0

I am converting pdfs to text and got this code off a previous post:

Extracting text from a PDF file using PDFMiner in python?

When I print(text) it has done exactly what I want, but then I need to save this to a text file, which is when I get the above error.

The code follows exactly the first answer on the linked question. Then I:

text = convert_pdf_to_txt("GMCA ECON.pdf")

file = open('GMCAECON.txt', 'w', 'utf-8')
file.write(text)

---------------------------------------------------------------------------
TypeError                                 Traceback (most recent call last)
<ipython-input-5-ebc6b7708d93> in <module>
----> 1 file = open('GMCAECON.txt', 'w', 'utf-8')
  2 file.write(text)

TypeError: an integer is required (got type str)

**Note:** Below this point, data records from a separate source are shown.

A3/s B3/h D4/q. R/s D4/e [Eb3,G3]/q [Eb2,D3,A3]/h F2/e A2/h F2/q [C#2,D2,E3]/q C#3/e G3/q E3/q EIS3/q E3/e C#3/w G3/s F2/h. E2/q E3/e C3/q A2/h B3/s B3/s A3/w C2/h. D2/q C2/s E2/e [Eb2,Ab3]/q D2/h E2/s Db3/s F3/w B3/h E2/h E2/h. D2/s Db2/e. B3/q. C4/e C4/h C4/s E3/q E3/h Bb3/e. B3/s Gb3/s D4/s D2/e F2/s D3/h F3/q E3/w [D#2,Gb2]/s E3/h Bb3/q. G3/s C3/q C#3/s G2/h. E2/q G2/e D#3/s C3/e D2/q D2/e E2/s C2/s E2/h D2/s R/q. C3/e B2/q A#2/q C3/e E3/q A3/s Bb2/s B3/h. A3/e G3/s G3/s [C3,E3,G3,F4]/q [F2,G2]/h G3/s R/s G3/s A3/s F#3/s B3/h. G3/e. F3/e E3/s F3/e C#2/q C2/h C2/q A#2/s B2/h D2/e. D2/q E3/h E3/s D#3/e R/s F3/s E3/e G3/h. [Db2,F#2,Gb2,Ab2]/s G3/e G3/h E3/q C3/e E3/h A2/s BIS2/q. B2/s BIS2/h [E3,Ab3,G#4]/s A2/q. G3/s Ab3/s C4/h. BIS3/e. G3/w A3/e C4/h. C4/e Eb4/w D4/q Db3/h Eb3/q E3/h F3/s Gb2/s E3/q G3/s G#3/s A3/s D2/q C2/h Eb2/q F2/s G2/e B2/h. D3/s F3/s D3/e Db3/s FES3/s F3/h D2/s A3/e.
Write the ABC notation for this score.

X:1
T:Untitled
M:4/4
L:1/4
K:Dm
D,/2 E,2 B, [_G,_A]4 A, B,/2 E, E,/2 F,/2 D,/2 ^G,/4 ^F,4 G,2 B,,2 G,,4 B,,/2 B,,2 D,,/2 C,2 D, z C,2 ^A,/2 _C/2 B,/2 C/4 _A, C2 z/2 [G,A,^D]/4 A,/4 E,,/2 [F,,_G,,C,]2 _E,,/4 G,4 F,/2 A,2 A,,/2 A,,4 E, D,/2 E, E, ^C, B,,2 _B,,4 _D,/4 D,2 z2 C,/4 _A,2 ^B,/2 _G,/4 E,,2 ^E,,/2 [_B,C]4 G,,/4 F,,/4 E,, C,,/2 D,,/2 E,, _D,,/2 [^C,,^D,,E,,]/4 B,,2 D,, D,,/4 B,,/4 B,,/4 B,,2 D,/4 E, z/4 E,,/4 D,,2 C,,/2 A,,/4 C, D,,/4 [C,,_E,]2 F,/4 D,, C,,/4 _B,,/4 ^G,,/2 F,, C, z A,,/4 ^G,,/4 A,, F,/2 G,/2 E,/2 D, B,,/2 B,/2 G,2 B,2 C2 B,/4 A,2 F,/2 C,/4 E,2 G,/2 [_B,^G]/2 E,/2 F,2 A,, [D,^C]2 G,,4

I'm afraid it's probably something really simple but I can't figure it out. I want it to write the text to a text file with the same name, which I can then do further analysis on. Thanks.

Rachel9866
  • 121
  • 1
  • 11

2 Answers2

2

The problem is your third argument. Third positional argument accepted by open is buffering, not encoding.

Call open like this:

open('GMCAECON.txt', 'w', encoding='utf-8')

and your problem should go away.

matevzpoljanc
  • 211
  • 2
  • 11
1

when you do file = open('GMCAECON.txt', 'w', 'utf-8') you pass positional arguments to open(). Third argument you pass is encoding, however the third argument it expect is buffering. You need to pass encoding as keyword argument, e.g. file = open('GMCAECON.txt', 'w', encoding='utf-8')

Note that it's much better is to use with context manager

with open('GMCAECON.txt', 'w', encoding='utf-8') as f:
    f.write(text)
buran
  • 13,682
  • 10
  • 36
  • 61